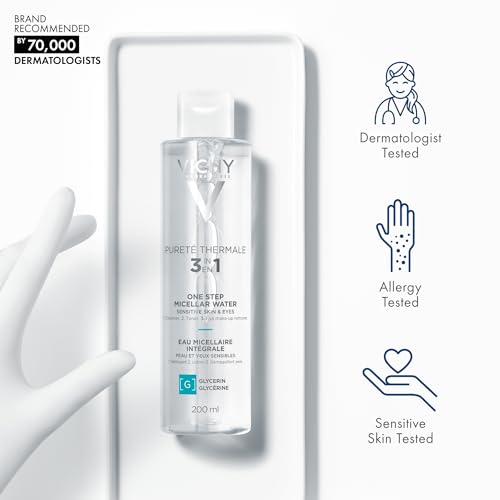Vichy Puret? Thermale One Step Micellar Water Makeup Remover & Facial Toner, Micellar Cleansing Water & Vitamin B5, No Rinse Needed, Gentle Eye Makeup Remover & Hydrating Toner For Face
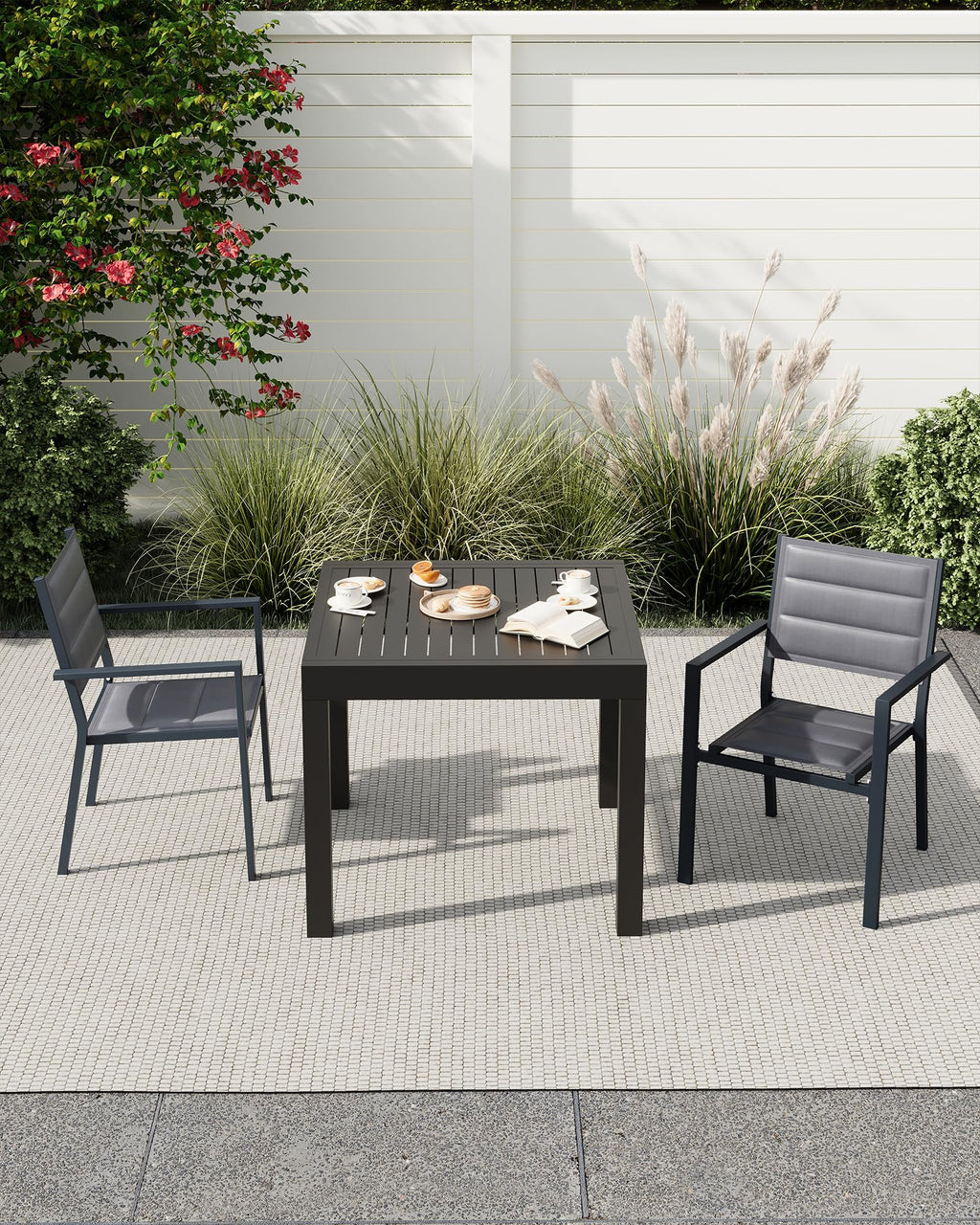 Aluminum Stackable Patio Dining Chairs Set of 2 Dark Grey R7379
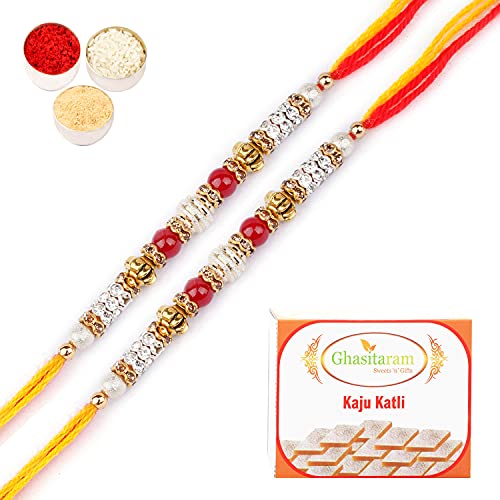 Ghasitaram Gifts Rakhi for Brother Rakhis Online -Set of 2-6981 Fancy Thread Rakhi with 200 gms of Kaju katli von Ghasitaram Gifts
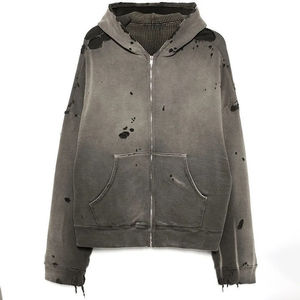 เสื้อฮู้ดซิปวินเทจแบบฟอกสี ทรงโอเวอร์ไซส์ สไตล์สตรีทแวร์  ผ้าหนา - Product Image 4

○ ○ ○

_Work to complete_
From the line containing "Aluminum Stackable Patio" down to the end of the listing above, every line is to be returned exactly, though the pictures are not.

_Reply_
 Aluminum Stackable Patio Dining Chairs Set of 2 Dark Grey R7379
 Ghasitaram Gifts Rakhi for Brother Rakhis Online -Set of 2-6981 Fancy Thread Rakhi with 200 gms of Kaju katli von Ghasitaram Gifts
 เสื้อฮู้ดซิปวินเทจแบบฟอกสี ทรงโอเวอร์ไซส์ สไตล์สตรีทแวร์  ผ้าหนา - Product Image 4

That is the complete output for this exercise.